Kevin Myers: State support only lends madness to libraries
Forty years ago this summer, one of the most influential novels of the 20th century -- and to my mind one of the greatest -- was published: Frederick Forsyth's 'Day of the Jackal'. It was sensational. It managed to dovetail a mastery of technical detail with a thrilling and complex plot: we learnt how to foil an assassination as meticulously as we learnt how to make a sniper's rifle that could be dismantled and then reassembled into a metal crutch.
I've bought the book three times, and each copy was duly stolen; so having thrice given Freddy his due royalties, I decided not to buy the special 40th anniversary issue but to order a second-hand copy through Amazon. I re-read it over the weekend, with a combination of utter awe and envy. Yes, of course, it has been panned by "literary critics" -- actually, no higher praise -- but the real issue is this: Did readers buy it? God's teeth, they did. Did they enjoy it? They loved it. Is it memorable? Totally. Why? Simple: it enthrals, which is the primary duty of any writer. That's what Frederick Forsyth did, and still does. I can give you a guided tour of Booker Prize winners whose books are unread beyond page 40 or so: pretentious, indulgent, smug, self-regarding, but gushingly reviewed by their peers, who will in due course be gushingly reviewed by those over whom they have themselves ejaculated so warmly.
Sales. That's the only true measure of a book's worth. I have little interest in critically regarded but otherwise unknown masterpieces. Yes, sales might take years to accumulate -- look at Patrick O'Brian -- but nonetheless, they are the only true and abiding artistic measure. Why else does Shakespeare sell, by the million, century after century? Or Bach? Or Beethoven?
Coincidentally, I briefly interrupted my time with the Jackal to irritate myself with Alan Bennett's defence of public-libraries in 'The Daily Telegraph'. If Frederick Forsyth is a writer whom London society disdains, Alan Bennett is one it drools over. He is not impenetrably high-brow, but a sort of Queen Mother of the arty salons: cuddly; cherished; accessible, a man who has specialised in a remorselessly coy, mill-town whimsy. His characters are wholly predictable: aged and querulous old women with troublesome bowels and with a slightly homosexual stay-at-home, hen-pecked son called Nigel. Islingtonians love Bennett primarily because he supports Labour, dislikes the Tories and panders to their stereotype of Northern folk being quirky, amusing and authentic.

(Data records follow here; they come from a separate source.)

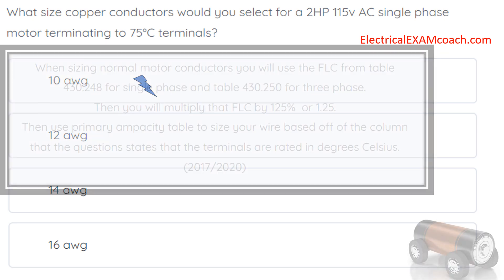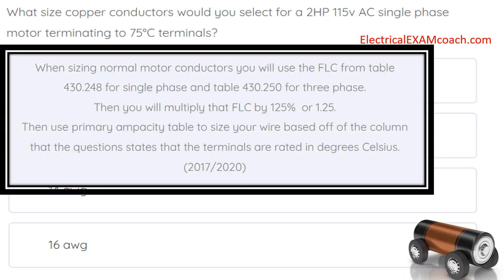For this one we have several steps. When sizing normal motor conductors you will use the FLC, which is the full load current values from table 430.248 for single phase and table 430.250 for three phase. Then you're going to multiply that FLC by 125 percent. Then we're going to use our primary ampacity table to size our wire based off the column that the question states the terminals are rated for in degrees Celsius.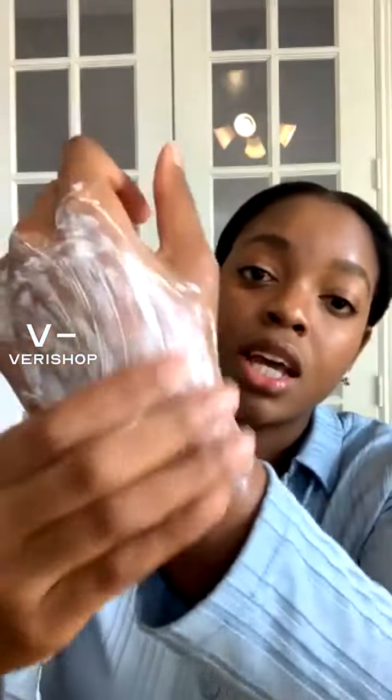This cleanser is going to remove all the impurities on your skin from your day-to-day activities. If you have makeup, it's going to help remove that as well. It's a foaming cleanser and pretty straightforward. If you like foaming cleansers, definitely check it out and take advantage of the sale right now.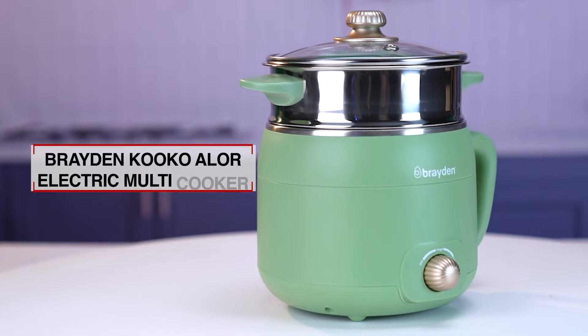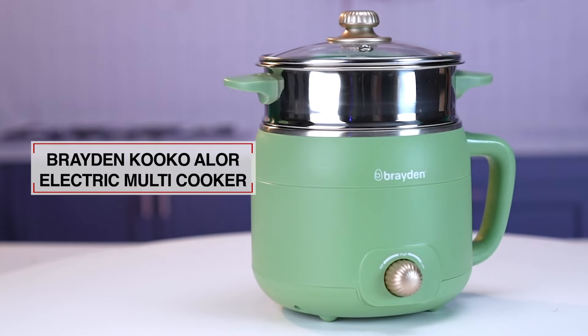Aren't you tired of using different appliances for different purposes in the kitchen? I have a perfect solution for you. Presenting the Braden's Cuckoo Allure Electric Multi-Cooker.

His defence of the library is familiar territory for any writer of working-class origins. We have our own version of it recycled regularly: some proletarian hero of Hibernian letters describing how he, clad only in the single family sock, would crawl out of the cardboard shack that was his childhood home and make his way to the local library, where he would enter the great and glorious empire of literature, a golden pleasure dome in which he could inhale the balmy myrrh of civilisation. Would you close down libraries, he cries, and thereby deprive working-class children of the chance to escape the kneecapping drudgery of their lives? And of course, reasoned debate is incompatible with this when-did-you-stop-beating-your-wife kind of moral blackmail.
As it happens, the financial reality of the public library was contained within the front cover of my copy of 'Jackal'. It was bought by North Finchley library in the London borough of Barnet in 2005, and was borrowed 16 times in the next three years before it was disposed of. During that time, the entire economic consequence of this book -- its purchase, the payments and future pensions of the librarians, the cost of running and heating and lighting the library, and paying both the original purchase-royalty and the 16 subsequent borrowing-royalties to the great Frederick Forsyth -- was covered by the state.

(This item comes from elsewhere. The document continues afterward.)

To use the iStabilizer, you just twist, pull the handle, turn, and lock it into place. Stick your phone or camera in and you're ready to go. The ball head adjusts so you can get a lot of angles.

Why? Why should the exchequer pay for libraries to stock best-selling novels in order that miserly adults may borrow them for "free"? Meanwhile, bookshops that are economically self-supporting and generate real, earned money both for the state and the author are closing everywhere, not least because of competition from the nearby lending-libraries. Indeed, the latter, almost comically, have now also diversified into CDs and DVDs. I bet my chum Bono just loves that.
This economic lunacy is so wrapped up in the swaddling clothes of sanctimony that it's almost impossible to see that inside there's not some famished waif, but a wolf. Defending today's libraries because of what they once did for young would-be writers with rickets, scurvy and scabies is intellectually rather like arguing for air-raid shelters, gasmasks and cod liver oil, or wet nurses, the Poor Law and alms houses. Yes, by all means, let children borrow books for free. But that's no argument for the Exchequer supporting public-lending libraries that largely indulge the literary tastes of mean-minded grown-ups. How long did it take for the Chinese peasant to discover that he didn't have to burn down his house every time he wanted roast pork? How long before we realise that it's not necessary to give free libraries TO ALL in order just to lend books without charge to children?